• _The task_
Output each line of the data below exactly, omitting any image.

• _Information provided_
□ □ □
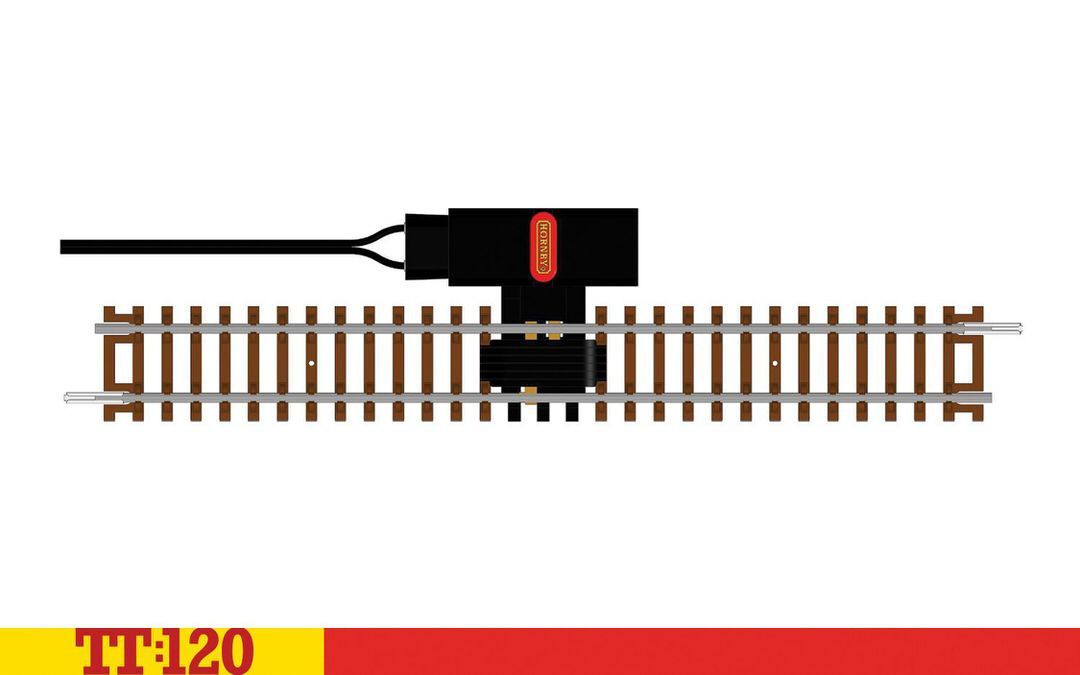 HORNBY TT TT8001 - Gleisanschluss / Power Connecting Track TT 1:120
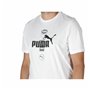 T-shirt à manches courtes homme Puma Puma Power Graphic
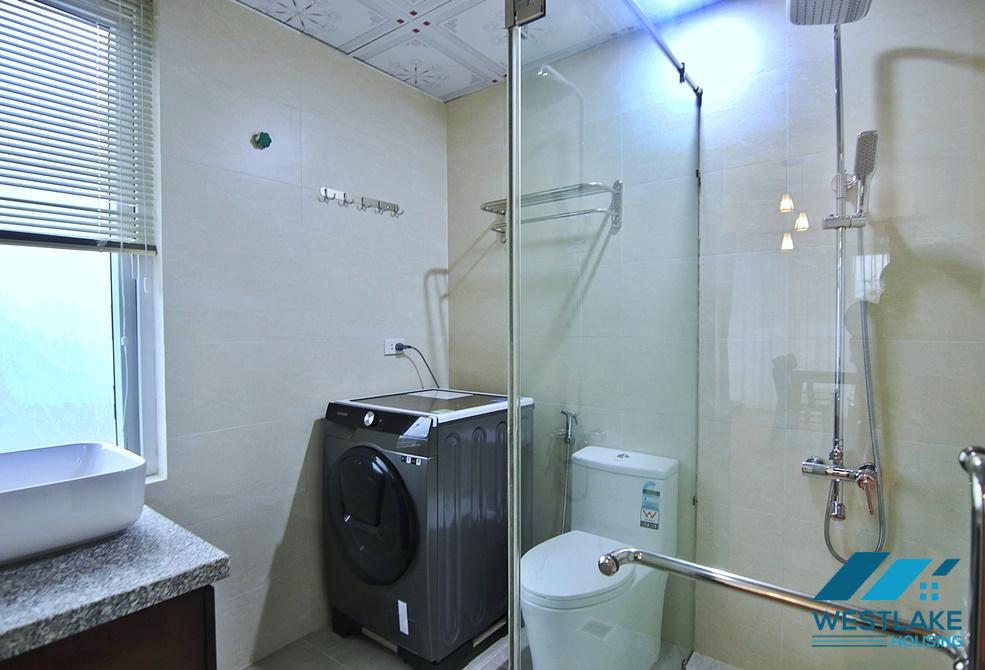 High floor apartment with 2 bedroom for rent in Tay Ho, Hanoi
□ □ □
• _Result_
 HORNBY TT TT8001 - Gleisanschluss / Power Connecting Track TT 1:120
 T-shirt à manches courtes homme Puma Puma Power Graphic
 High floor apartment with 2 bedroom for rent in Tay Ho, Hanoi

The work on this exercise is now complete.